### Recorded information
=== Begin Enclosure ===
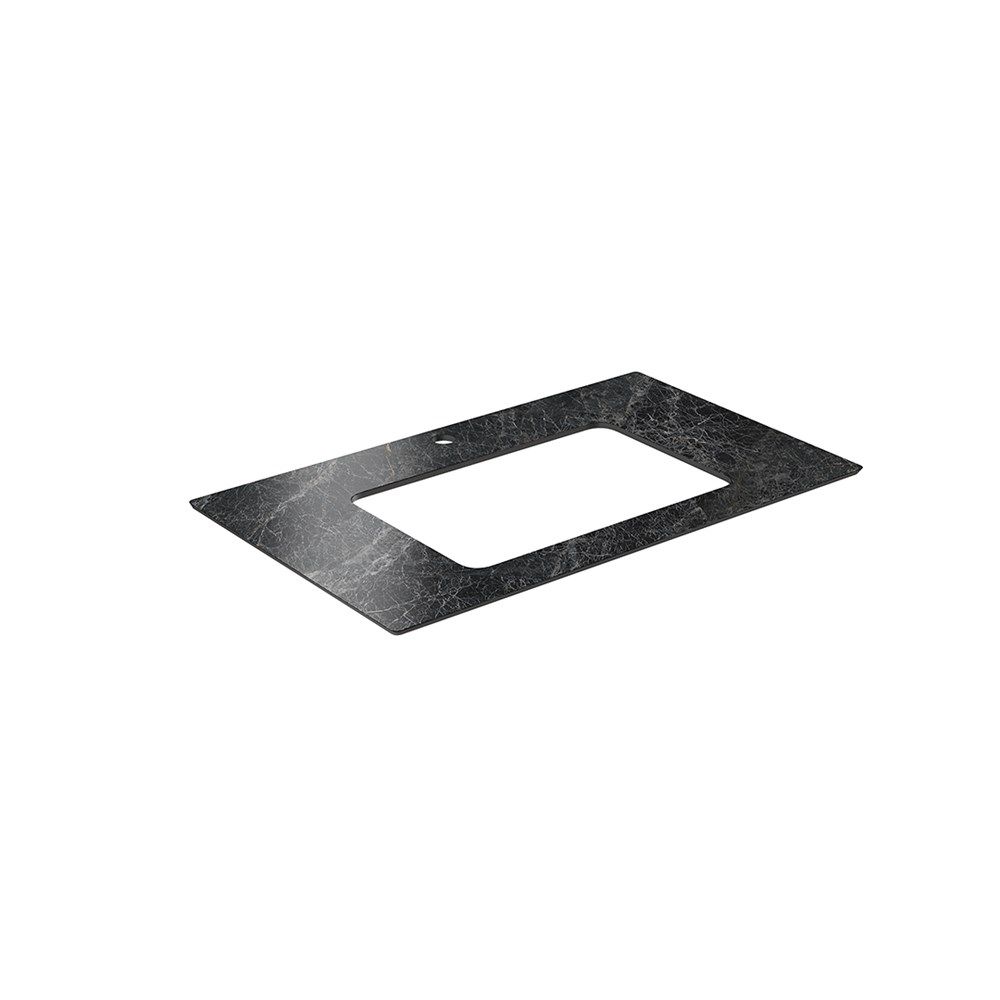 KERAMA MARAZZI PL3.VT93\80 Спец. изделие для раковин, встраиваемых снизу, 80 см Риальто темный серый лап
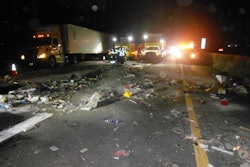TDOT crews were called out to make emergency pothole repairs on I-24 in the Antioch area. Even with traffic control vehicles and a work zone setup, a driver in a red pickup truck with a trailer full of construction supplies slammed into the work zone at a high rate of speed. Thankfully, the attenuator behind the TDOT trucks absorbed most of the impact from the crash and no TDOT employees were hurt.
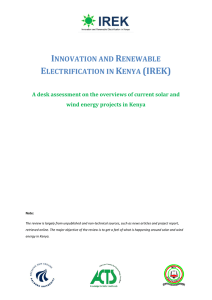 Solar and Wind Energy Projects Report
=== End Enclosure ===
### What you have to do
Quote precisely the lines of the data from the line containing "TDOT crews were" through its final line, both included, excluding pictures.

### Response
TDOT crews were called out to make emergency pothole repairs on I-24 in the Antioch area. Even with traffic control vehicles and a work zone setup, a driver in a red pickup truck with a trailer full of construction supplies slammed into the work zone at a high rate of speed. Thankfully, the attenuator behind the TDOT trucks absorbed most of the impact from the crash and no TDOT employees were hurt.
 Solar and Wind Energy Projects Report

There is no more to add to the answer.